The economy continues its bumpy summer ride as a host of global and domestic issues keep the waters roiled. The choppy seas are the result of a familiar litany of concerns — persistent unemployment, the weak housing market, sovereign debt woes and debates over the U.S. debt ceiling.
Will the second half come in stronger? What does it mean for new- and used-boat sales? When will we see a rise in consumer confidence?
The best bet for our industry in 2011 is that new-boat sales will wind up flat, or perhaps slightly up. That’s what the numbers are telling Jack Ellis, managing director of Info-Link Technologies, the market research and analytics firm in Miami.
Given the macro headwinds, rising fuel prices and the extreme weather that shellacked so much of the country in the first half of the year, it’s surprising that some dealers and brokers did as well as they did. Some of that might have been the result of taking market share from failed competitors, and some from the fact that inventories are so low. It makes you wonder just how strong the spring might have been, had it not been for the political noise, economic uncertainty and Mother Nature.

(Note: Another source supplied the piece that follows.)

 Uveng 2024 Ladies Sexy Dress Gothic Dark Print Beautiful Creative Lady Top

“Consumers do not like to make large discretionary purchases when the world feels shaky,” Ellis says. “And boats are right at the top of this list, along with vacation homes, RVs and maybe private airplanes. However, we are seeing some glimmer of hope despite the recent decline in consumer confidence and the increase in unemployment. My educated guess is that for 2011 we will see a slight increase in year-over-year sales.”
Historically, consumer confidence has been a good indicator of boat sales. Folks tend to spend when their confidence is high or rising and pull back when it falls. Pretty straightforward.

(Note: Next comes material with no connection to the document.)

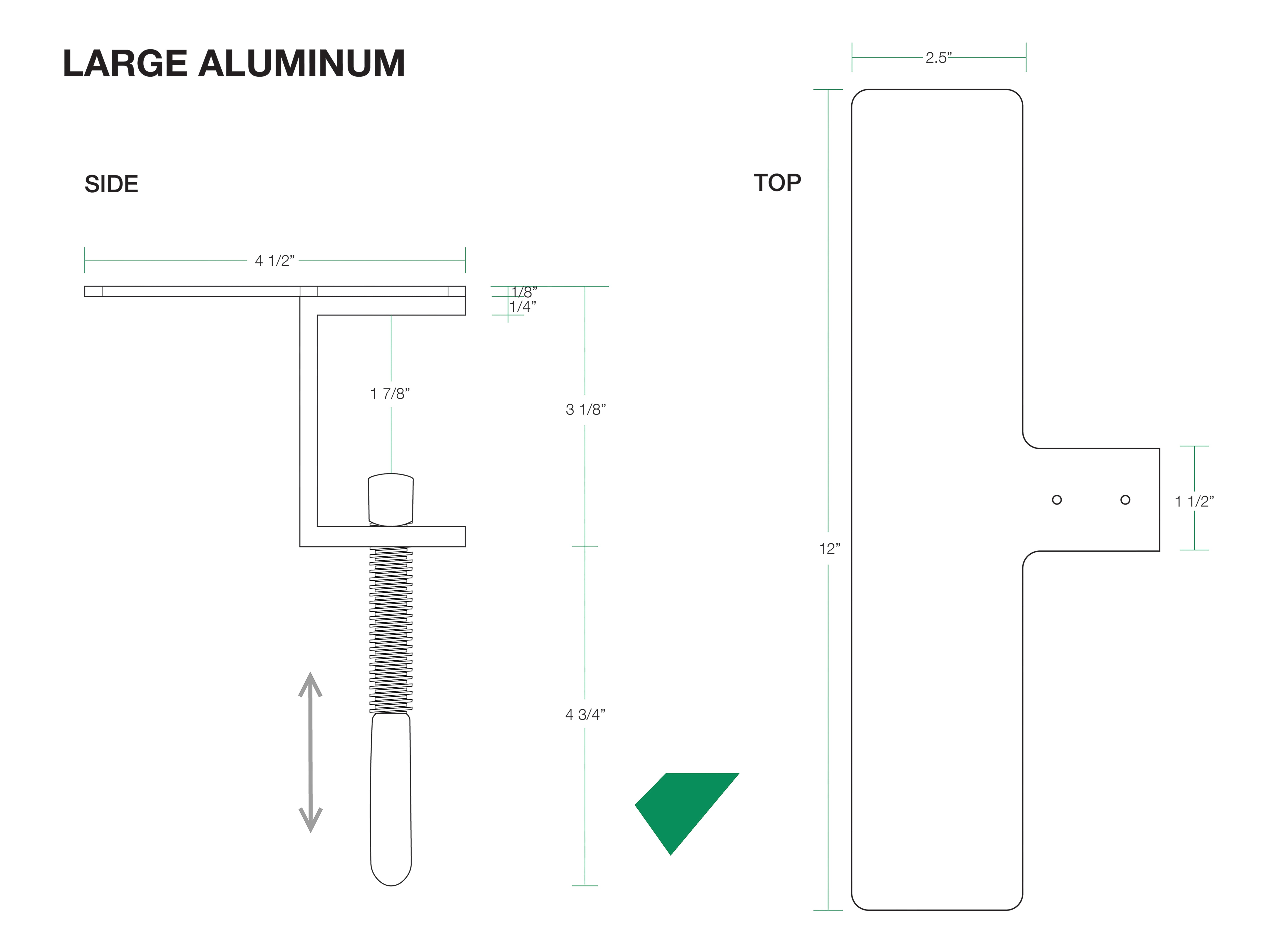 specs for the large aluminum paintbrush holder. includes dimensions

Interestingly, Ellis says new-boat sales in May and June did not reflect what one would typically expect, given the decline in consumer confidence. “Almost everything looks up, even Florida,” he says.
Overall, things are improving: Inventories are substantially reduced, margins are better, and there is less distressed product in showrooms. In an interview for the August issue of Soundings Trade Only, GE Capital’s Bruce Van Wagoner told us that dealers, with strong support from builders, have done a good job of reducing excessive inventory levels.

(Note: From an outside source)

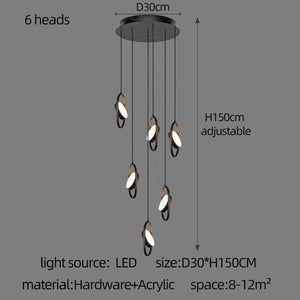 Oval Ring Pendant Chandelier - Exquisite Lighting Fixture-Staircase Chandelier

He said that during the past year “product on the floor more than 18 months has dropped from nearly 40 percent back to normalized levels of 13 percent.” And ordering, he noted, is just keeping pace with retail sales, which could mean some shortages going into the model year.
Ellis says the average boat has gone from more than 400 days in inventory in late 2009 to about 250 days a couple of months back. And although it’s not quantifiable, Ellis says, “I’m hearing a lot less about the incredible deals people are getting on boats. That was doing a ‘number’ on the value.”
Ellis says some market segments, such as “value” boats, were doing quite well, compared with last year. “Pontoon boat sales are up almost everywhere, other than the hardest-hit areas, like Florida and the West Coast,” he says. “And the fiberglass jetboat market, albeit small, is doing better. The rest of the fiberglass [market], however, is still having a tough go of it.”
Take the aluminum segment out, Ellis says, and new-boat numbers would be down again for the year.
The fiberglass outboard market is probably close to making a bottom, Ellis notes. For the sterndrive segment, it’s still tough sledding.
And U.S. yacht brokerage numbers continue their gradual improvement. Although they’re not close to the prerecession salad days, the numbers for June reached their highest monthly level since 2007, says John Burnham, editorial director for Dominion Marine Media, which includes YachtWorld.com, Boats.com and BoatTrader.com. Burnham says he believes people are feeling a little more comfortable living with uncertainty — and spending some money.
As Ellis puts it: “There are millions of people out there with the water gene, and they are not going to be deterred.”